Em 05 de outubro de 2007 o Procurador-Geral de Justiça do Estado de São Paulo, Dr. Rodrigo Cesar Rebello Pinho, ajuizou perante o Tribunal de Justiça do Estado de São Paulo a Ação Direta de Inconstitucionalidade nº 154.743-0/0-00 em face do disposto no inciso I, do artigo 1º, da Lei nº 13.886, de 01 de julho de 2004, do município de São Paulo, no ponto em que estabelecia: “Art. 1º. A Guarda Civil Metropolitana de São Paulo, principal órgão de execução da política municipal de segurança urbana, de natureza permanente, uniformizada, armada, baseada na hierarquia e disciplina, tem as seguintes atribuições: I – exercer, no âmbito do Município de São Paulo, o policiamento preventivo e comunitário, promovendo a mediação de conflitos e o respeito aos direitos fundamentais dos cidadãos”.

Ao finalizar sua petição inicial, o Procurador-Geral de Justiça do Estado de São Paulo, Dr. Rodrigo Cesar Rebello Pinho, concluiu: “Em síntese, é entendimento uníssono que a segurança pública é de competência das polícias estaduais, afastada qualquer participação dos Municípios nessa atividade. A eles cabe, apenas, constituir órgão para proteção de seus bens, serviços e instalações”.

Assim, no ano de 2008, o Tribunal de São Paulo declarou inconstitucional a Lei 13.866, de 2004, e, para o relator, Desembargador Maurício Ferreira Leite, o exercício do policiamento somente poderia ser exercido pelas polícias estaduais, “devendo ser repelida qualquer tentativa de alargamento desse horizonte”. Mesmo o voto divergente do Desembargador Ivan Sartori, tão somente frisava que não haveria inconstitucionalidade, se o conceito de policiamento das guardas ficasse restrito à fiscalização de bens e serviços municipais.

Dessa declaração de inconstitucionalidade a Câmara Municipal de São Paulo interpôs o Recurso Extraordinário nº 608.588/SP, inicialmente distribuído em 22 de fevereiro de 2010 ao ministro Eros Grau, que o inadmitiu nos seguintes termos:

“O recurso não merece prosperar. O acórdão recorrido está em consonância com o entendimento do Pleno deste Tribunal, no julgamento da ADI n. 1.182, de minha relatoria, DJ de 10.3.06, onde se fixou que ‘[o] artigo 144 da Constituição de 1.988 dispõe que a segurança pública deve ser exercida através da polícia federal; da polícia rodoviária federal; das polícias civis e das polícias militares e corpos de bombeiros militares […]. Os Estados-membros, assim como o Distrito Federal, devem seguir o modelo federal.
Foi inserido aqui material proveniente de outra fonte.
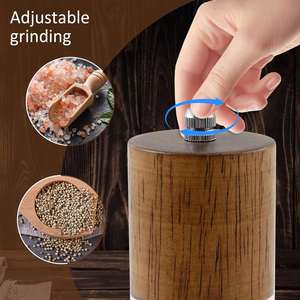 Juego de Molinillos de Sal y Pimienta de Acrílico Premium, Molinillos Manuales Ajustables con Recipientes de Madera, Aptos para Lavavajillas - Product Image 4
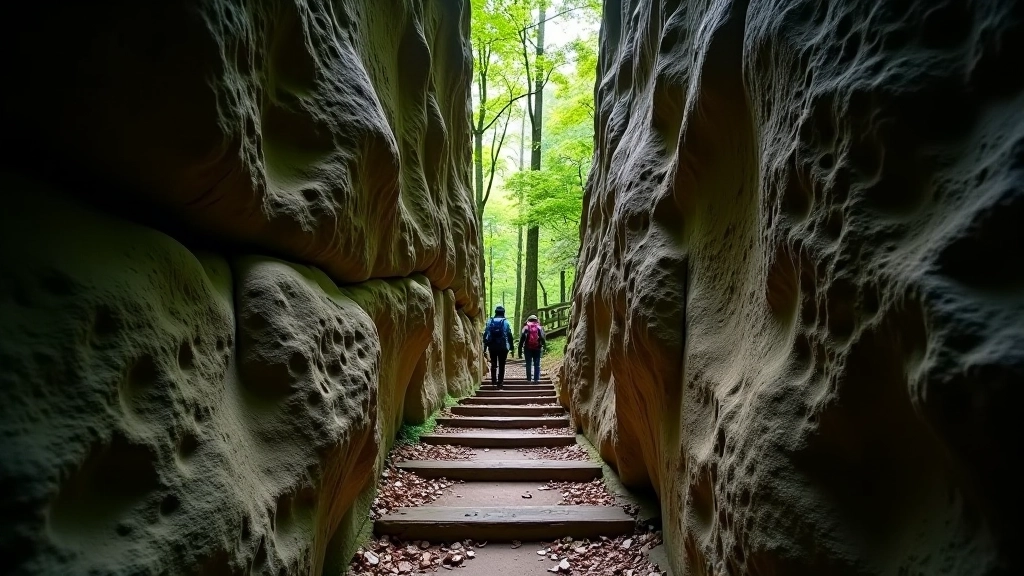Narrow hiking trail winding through tall sandstone cliffs with metal handholds and wooden steps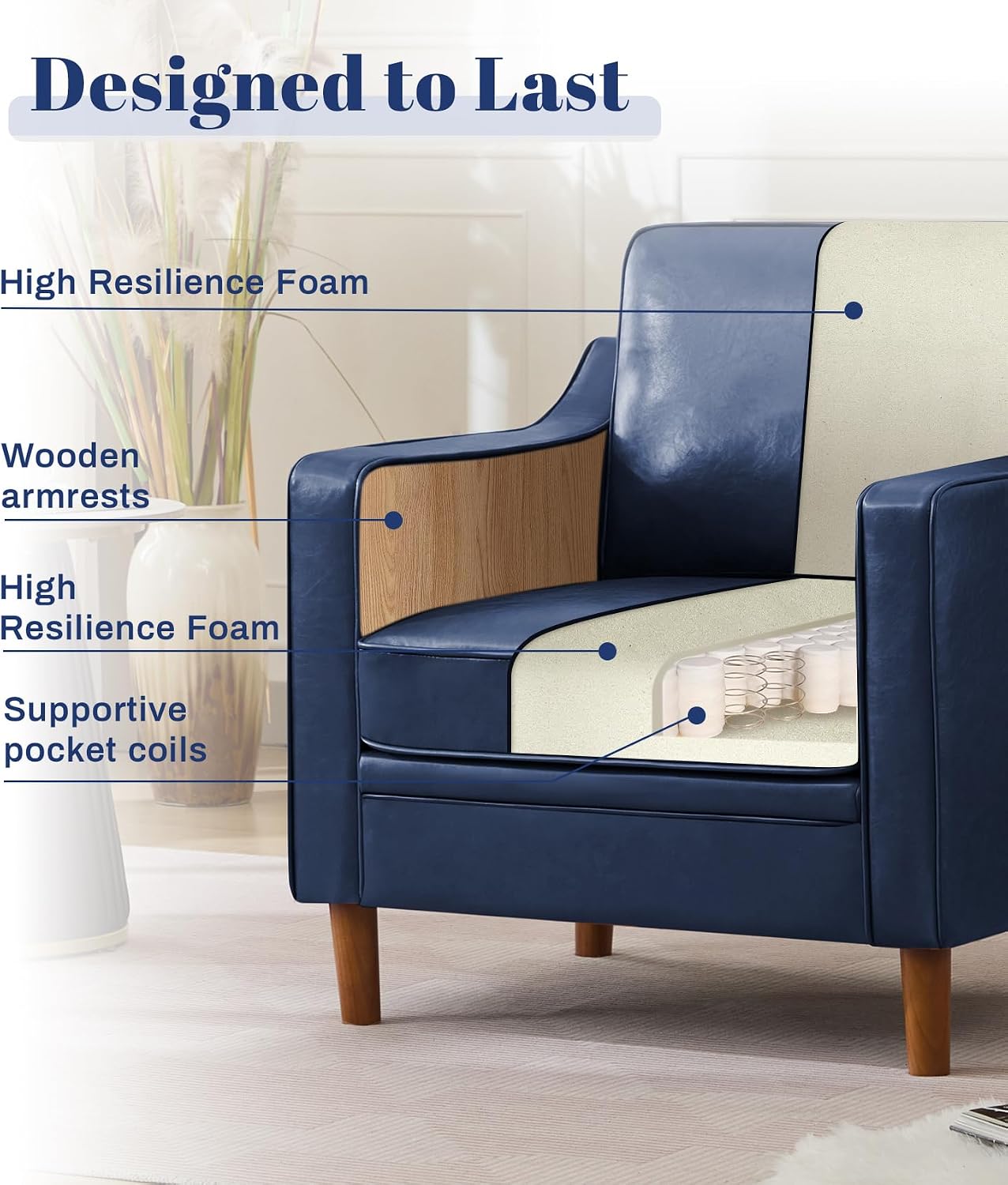 Accent Chair, Living Room Chairs, Faux Leather Reading Armchair, Mid Century with Solid Wood Foot, Upholstered Modern Decor for Bedroom, Apartment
O artigo 144 da Constituição aponta os órgãos incumbidos do exercício da segurança pública. Entre eles não está o Departamento de Trânsito. Resta, pois, vedada aos Estados-membros a possibilidade de estender o rol, que esta Corte já firmou ser numerus clausus, para alcançar o Departamento de Trânsito.’ Ademais, o disposto no artigo 144, § 8º, da CB/88, é claro no sentido de que as Guardas municipais, constituídas pelos Municípios, serão destinadas à proteção de seus bens, serviços e instalações, conforme dispuser a lei, atribuições diversas das atividades típicas de segurança pública exercidas pelos órgãos supra citados. Publique-se. Brasília, 5 de abril de 2010. Ministro Eros Grau – Relator” (grifos no original).
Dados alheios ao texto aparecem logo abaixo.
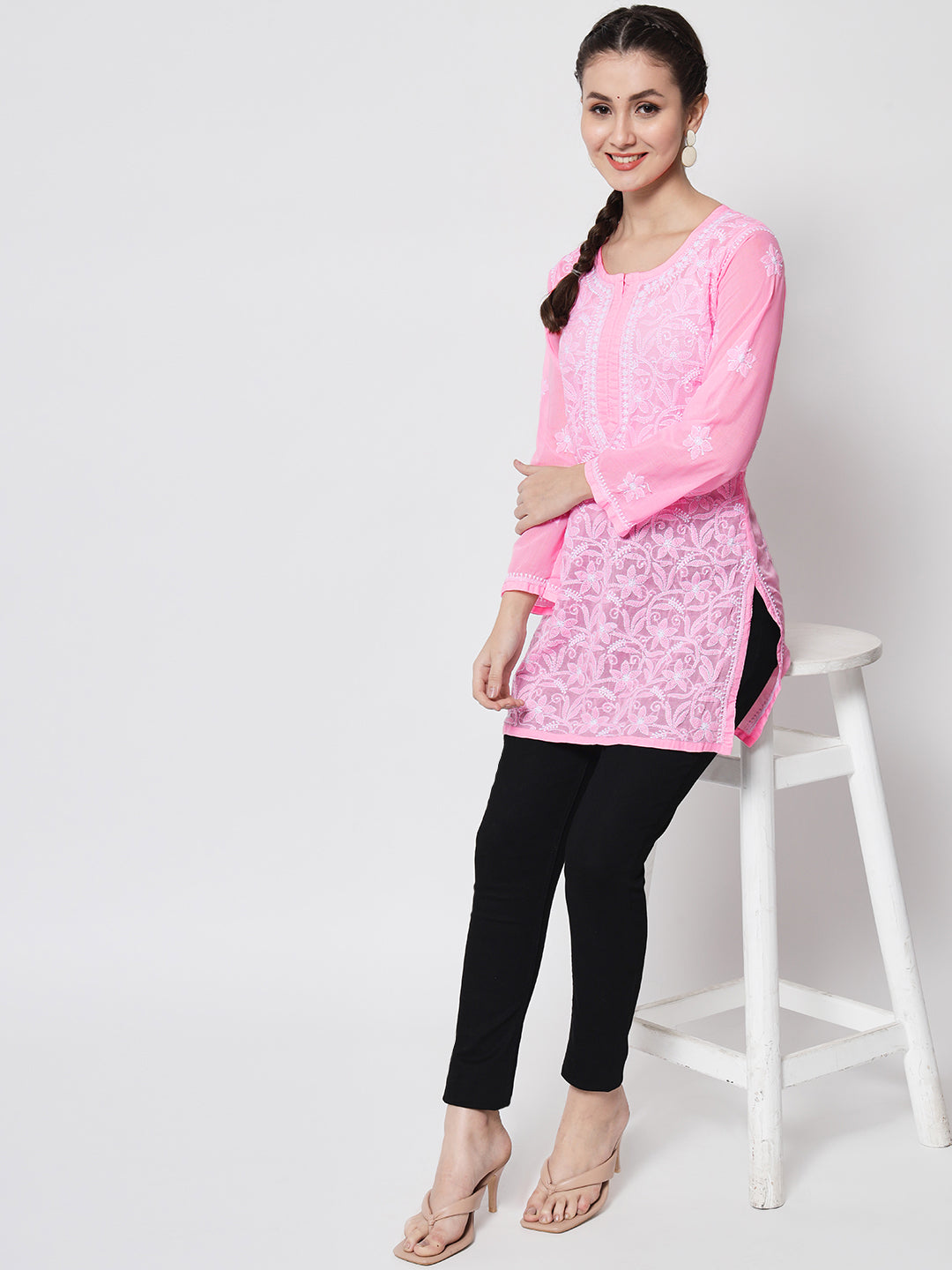 Hand Embroidered Chikankari Cotton Straight Tunic-AL3591 Darkpink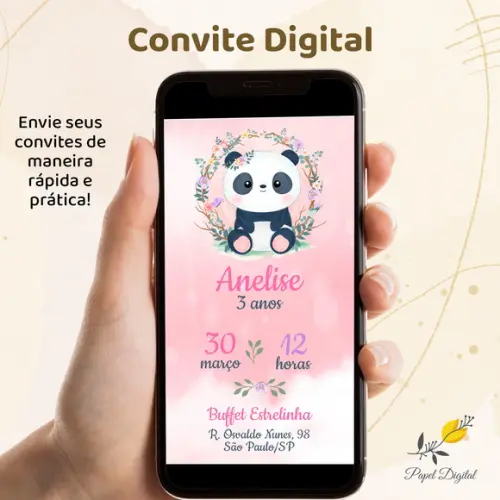 Convite Digital Panda Modelo 3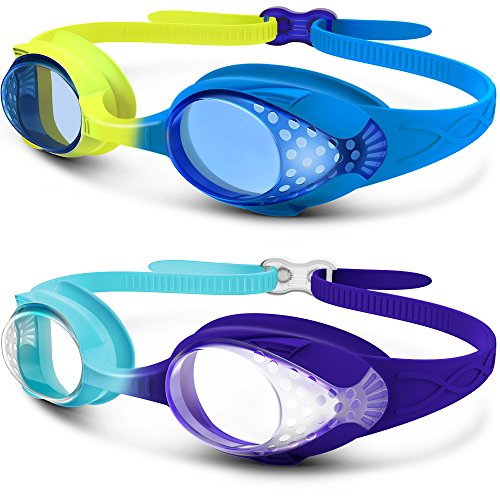 Kinder Schwimmbrille, OutdoorMaster lustige Fisch-Stil Schwimmbrille für Kinder (4-12 Jahre), lecksicher Schwimmbrille für Jungen Mädchen, Anti-Fog & UV Schutz & Schnell zu verstellen (1/2er Pack) (2 Pack Blau/Gelb + Dunklblau/Hellblau)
Insistindo, a Câmara Municipal, no recurso e, com a aposentadoria do ministro Eros Grau, o processo tornou ao seu substituto, ministro Luiz Fux, que em 17 de abril de 2013, despachou: “[…] São relevantes as alegações dos agravantes, razão por que reconsidero a decisão impugnada. Determino, em consequência, a reautuação do processo como recurso extraordinário, vindo, após, à conclusão.” e, em 24 de maio de 2013, decidiu: “O Tribunal, por unanimidade, reputou constitucional a questão. O Tribunal, por unanimidade, reconheceu a existência de repercussão geral da questão constitucional suscitada“. Iniciava-se o um Leading Case que daria origem ao Tema 656.

No curso da ação, foram admitidos como Amicus Curiae: Associação de Oficiais Da Polícia Militar e do Corpo de Bombeiros Militar de Santa Catarina “Capitão Osmar Romão Da Silva”, o Sindicato dos Guardas Civis Metropolitanos de São Paulo, a Associação Brasileira dos Guardas Municipais, a Associação Nacional de Altos Estudos de Guarda Municipal, a Associação Nacional de Guardas Municipais Do Brasil, o Sindicato dos Servidores da Guarda Municipal de Curitiba, o Sindicato dos Agentes Municipais de Segurança Pública do Estado do Ceara, o Sindicato dos Servidores Públicos Municipais das Prefeituras, Câmaras Municipais, Autarquias e Fundações dos Municípios da Microrregião de Sete Lagoas/MG, a Associação dos Guardas e Servidores do Estado de São Paulo, o Grupo de Atuação Estratégica das Defensorias Públicas Estaduais e Distrital nos Tribunais Superiores e a Federação Nacional de Sindicatos de Servidores das Guardas Municipais.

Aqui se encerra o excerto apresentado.